Each time a Ukrainian battalion completes a training rotation, the quality of the exercise improves as the Ukrainian staff and their U.S. mentors find ways to improve the training experience, Figaro said.
"You see a lot of professionalism out in the training area, and we strive to get things perfect." Figaro said.
"At first they might say it's because of our equipment, but we show them how resourceful we can be and they realize it's more about basic leadership skills, and leading by example. Once they see that, they realize why the United States Army is the most powerful army in the world," he added.
Along with providing training to the personnel staffing the combined training center, the U.S. Soldiers here say they are also working diligently to improve both the facility's infrastructure and training aides.
One valuable resource is MILES gear. MILES, short for Multiple Integrated Laser Engagement System similar to a laser-tag system that allows Soldiers to conduct simulated battles as they exchange shot-for-shot.
The gear consists of a laser module and harness. The laser is mounted on a soldier's rifle, and the harness, which is covered in receivers, is worn by the Soldier.
When the Soldiers fire a blank round, it triggers the laser. If the laser strikes a receiver mounted on another Soldier's vest, a hit is recorded.
In addition to individual MILES gear, there are vehicle-based systems that can be mounted on tanks, trucks, or armored personnel carriers.
Since the Ukrainian training center began using MILES gear as a training aide, the Ukrainian training center staff has surprised their U.S. counterparts with their skills and resourcefulness, said Staff Sgt. Michael Powell, the joint training group simulated munitions --"simunitions"--NCO.
"It used to be that if a piece of MILES equipment went down, that soldier was out of the fight for the rest of day. Now they are able to fix it out in the field and get that soldier back into the fight," he observed.
"I've watch them tear a whole miles unit apart and repair it with locally purchased parts." Powell said. "They will go to a hardware store and buy a bunch of doorbells, tear them apart, and use them to fix MILES components."
"The end state is for us to be able to outfit an entire Ukrainian brigade with MILES gear," he said.
Though MILES is a useful training aid, issuing the gear to the individual soldier is often a lengthy process. Fortunately improvements have been made that creates less work for both the MILES section staff and the rotational unit, Powell said.

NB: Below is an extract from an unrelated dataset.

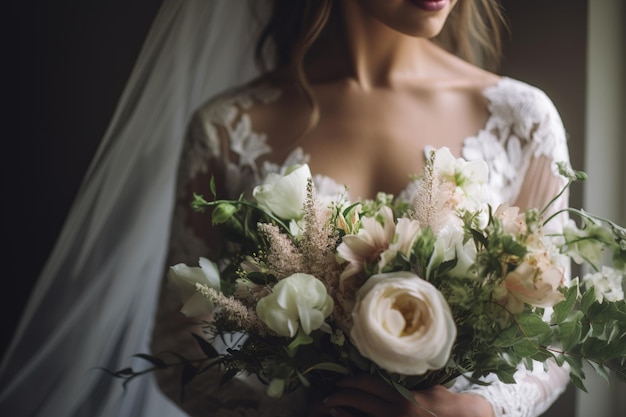 A closeup shot of a bride's hands holding her beautiful wedding bouquet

"They used to have each soldier stand in line and sign for their MILES gear," Powell said. "It took hours to do. Now the commander comes to sign for the equipment and has his subordinates distribute it. Having the commander come and sign for the equipment is allowing the unit to save two to three hours of time where they can train with the gear instead of standing in line."
Though the mission is to train the Ukrainians, the U.S. Soldiers stationed at the training center are learning from the Ukrainians as well, the New York Guardsmen said.

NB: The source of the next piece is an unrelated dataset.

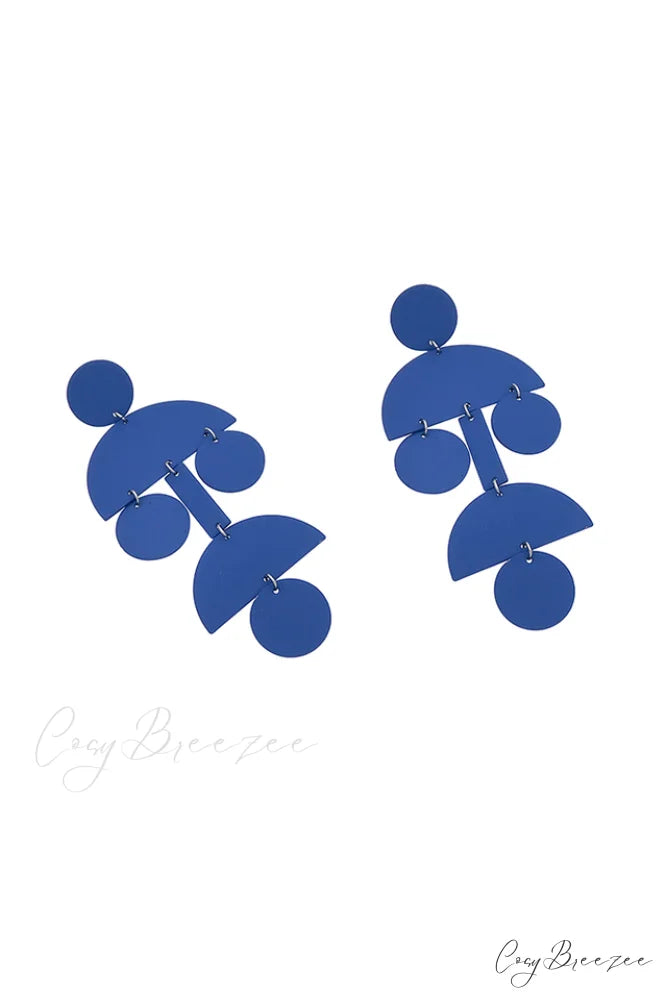 Acrylic Geometric Stylish Long Earrings Blue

"One of the biggest things we have learned from the Ukrainians is how to make do with what you have," Smith said. "These days we are so dependent on optics, thermal and night vision. The Ukrainians don't have any of that, but they still conduct night operations."
"One of the things they use to overcome that deficiency is through the use of vehicle mounted spotlights," Smith said. "Once they get an idea of where somebody is, they hit that spotlight, engage the target, and then turn the spotlight off."

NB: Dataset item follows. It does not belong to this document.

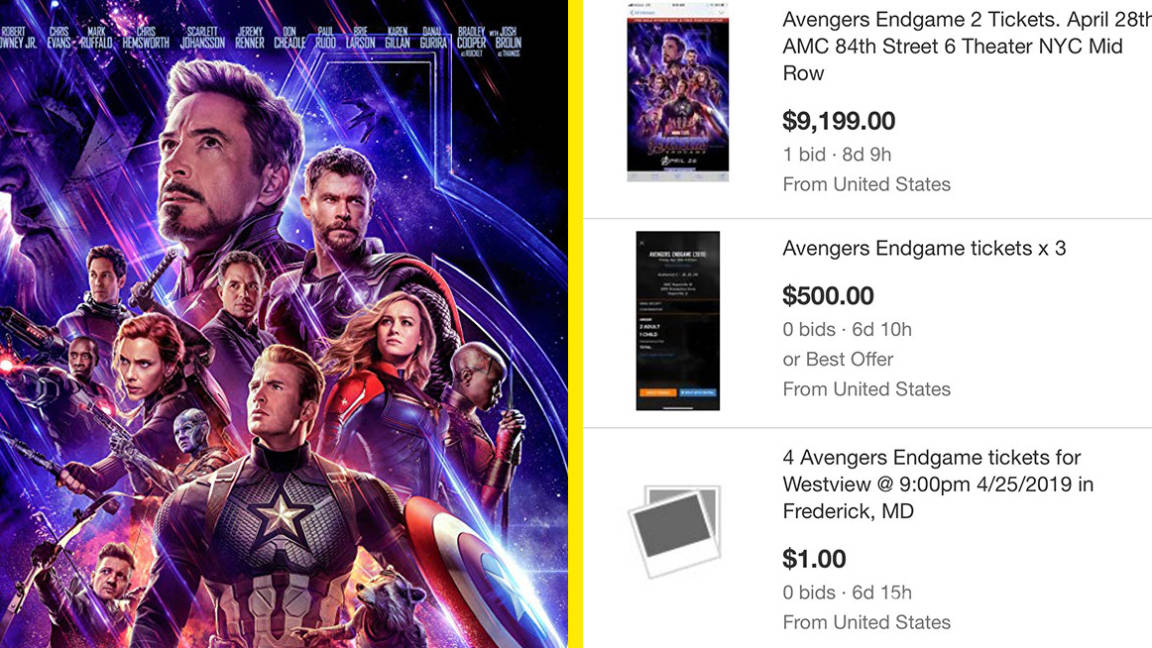Boletos de Avengers: Endgame en reventa por más de 5 mil dólares en eBay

As the Yavoriv training center continues to evolve and change, one thing remains constant. The enthusiasm of the U.S. and Ukrainian soldiers stationed there, New York Soldiers said.
Now nearing the completion of their rotation, the New York Soldiers are slated to be relieved by the Tennessee National Guard's 278th Armored Cavalry Regiment, who is scheduled to take over command of JMTG-U later this summer.